> **Problem to work on**:
Instruction for the data below: set down exactly the lines from the line with "Kit de admisión" to the line with "Staub Ceramic 6-Piece Bowl Set, Mixed Colours 8", inclusive, and no others.

> **Data for processing**:
^^^^^^^^^^^^^^^^

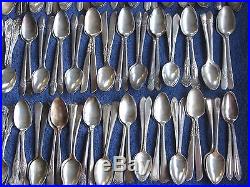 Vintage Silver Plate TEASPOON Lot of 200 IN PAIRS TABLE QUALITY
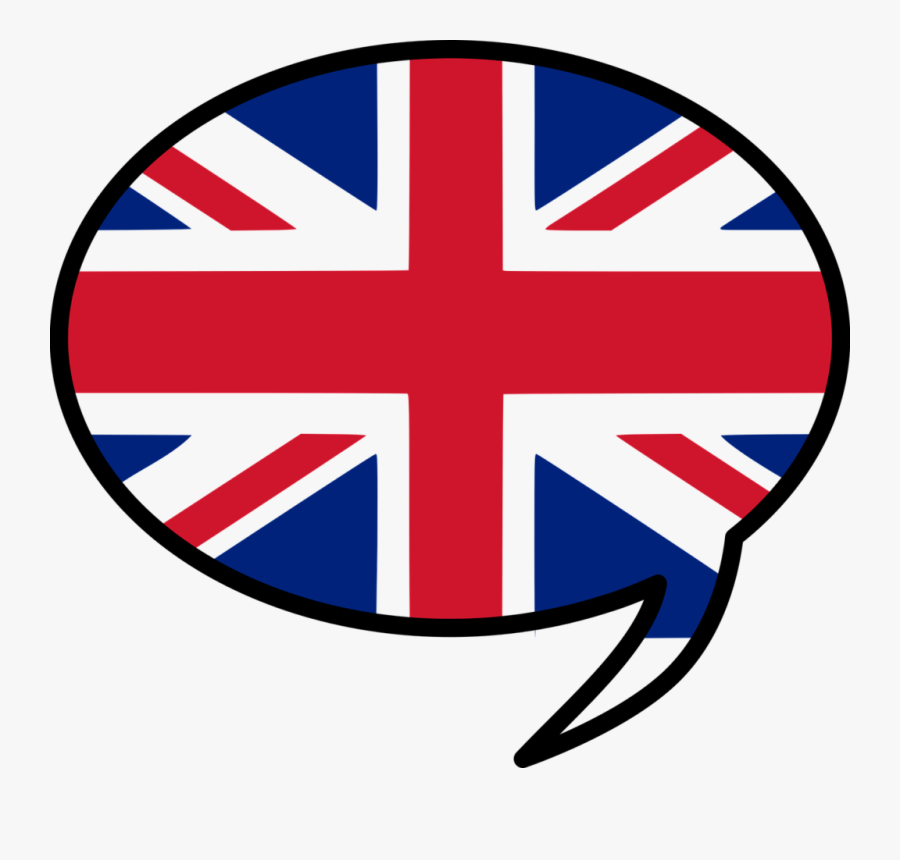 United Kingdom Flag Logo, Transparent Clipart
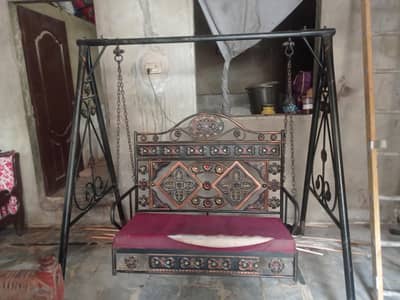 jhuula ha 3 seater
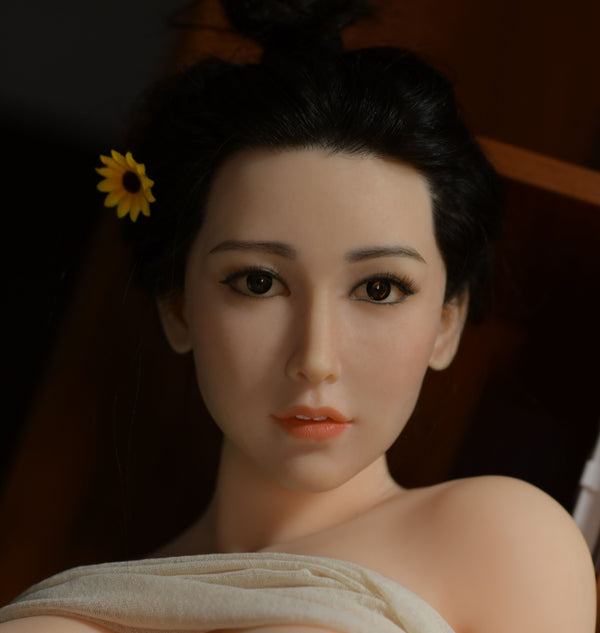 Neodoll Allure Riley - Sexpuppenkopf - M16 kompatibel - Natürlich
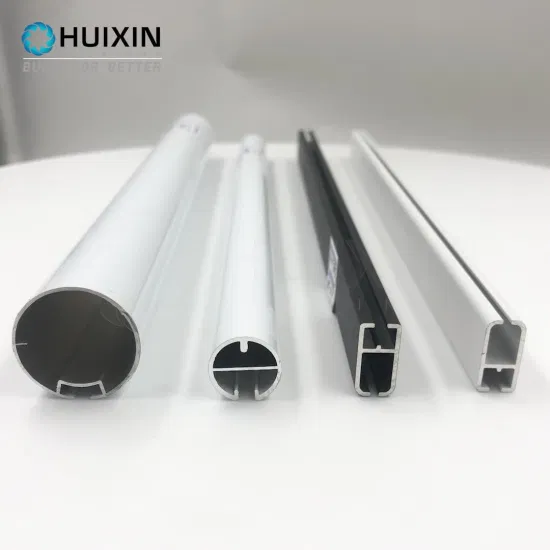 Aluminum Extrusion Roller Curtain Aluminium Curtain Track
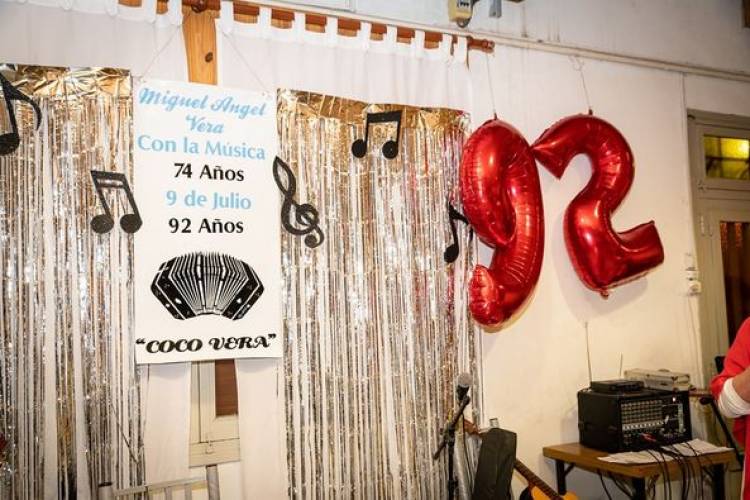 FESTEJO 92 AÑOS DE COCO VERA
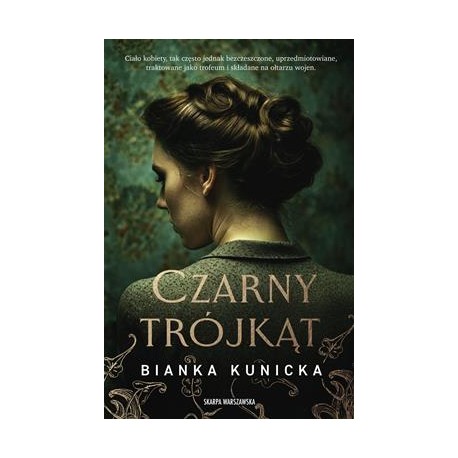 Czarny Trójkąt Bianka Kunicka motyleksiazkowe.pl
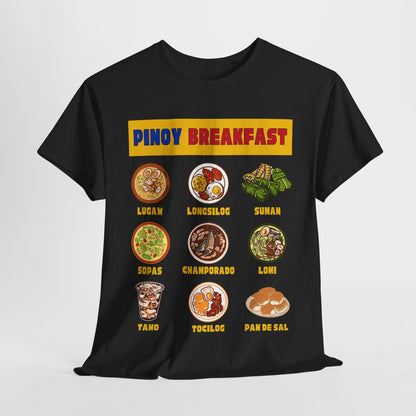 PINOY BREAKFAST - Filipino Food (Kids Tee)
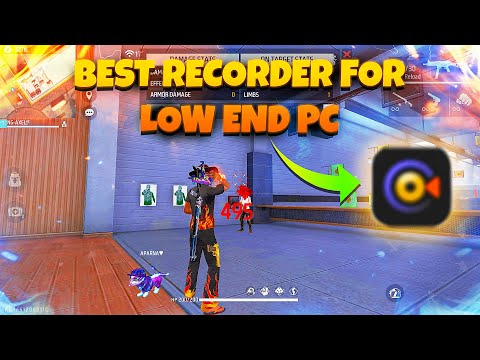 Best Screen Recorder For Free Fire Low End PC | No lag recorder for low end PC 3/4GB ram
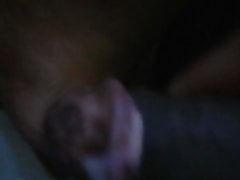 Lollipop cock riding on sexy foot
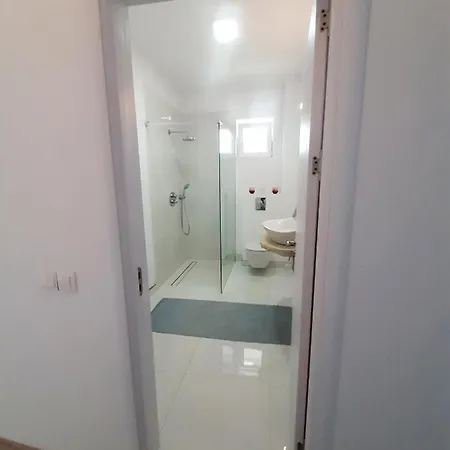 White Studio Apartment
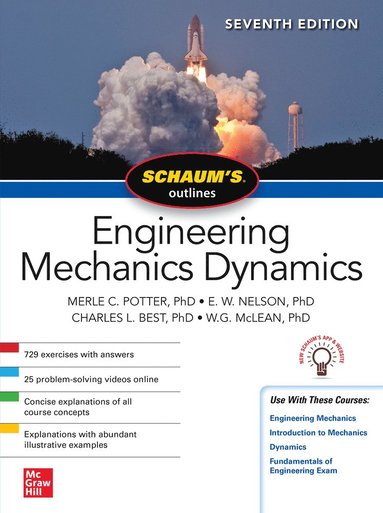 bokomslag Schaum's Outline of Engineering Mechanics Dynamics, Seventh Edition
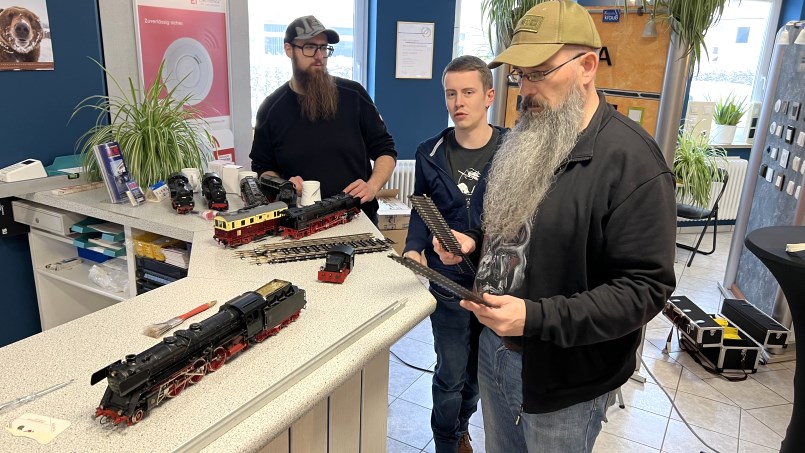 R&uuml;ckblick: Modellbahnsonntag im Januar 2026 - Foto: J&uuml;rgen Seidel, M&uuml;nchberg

^^^^^^^^^^^^^^^^

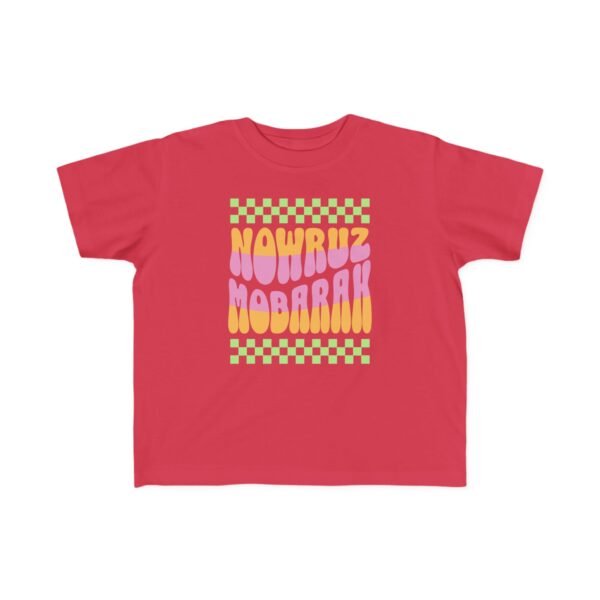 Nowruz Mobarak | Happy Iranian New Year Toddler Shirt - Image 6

^^^^^^^^^^^^^^^^

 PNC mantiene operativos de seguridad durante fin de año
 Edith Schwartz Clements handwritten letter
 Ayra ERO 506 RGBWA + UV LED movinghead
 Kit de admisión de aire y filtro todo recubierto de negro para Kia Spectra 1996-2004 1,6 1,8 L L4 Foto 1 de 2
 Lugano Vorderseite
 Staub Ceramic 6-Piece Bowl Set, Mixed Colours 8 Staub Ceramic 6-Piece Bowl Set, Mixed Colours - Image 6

^^^^^^^^^^^^^^^^

> **Exercise result**:
 Kit de admisión de aire y filtro todo recubierto de negro para Kia Spectra 1996-2004 1,6 1,8 L L4 Foto 1 de 2
 Lugano Vorderseite
 Staub Ceramic 6-Piece Bowl Set, Mixed Colours 8 Staub Ceramic 6-Piece Bowl Set, Mixed Colours - Image 6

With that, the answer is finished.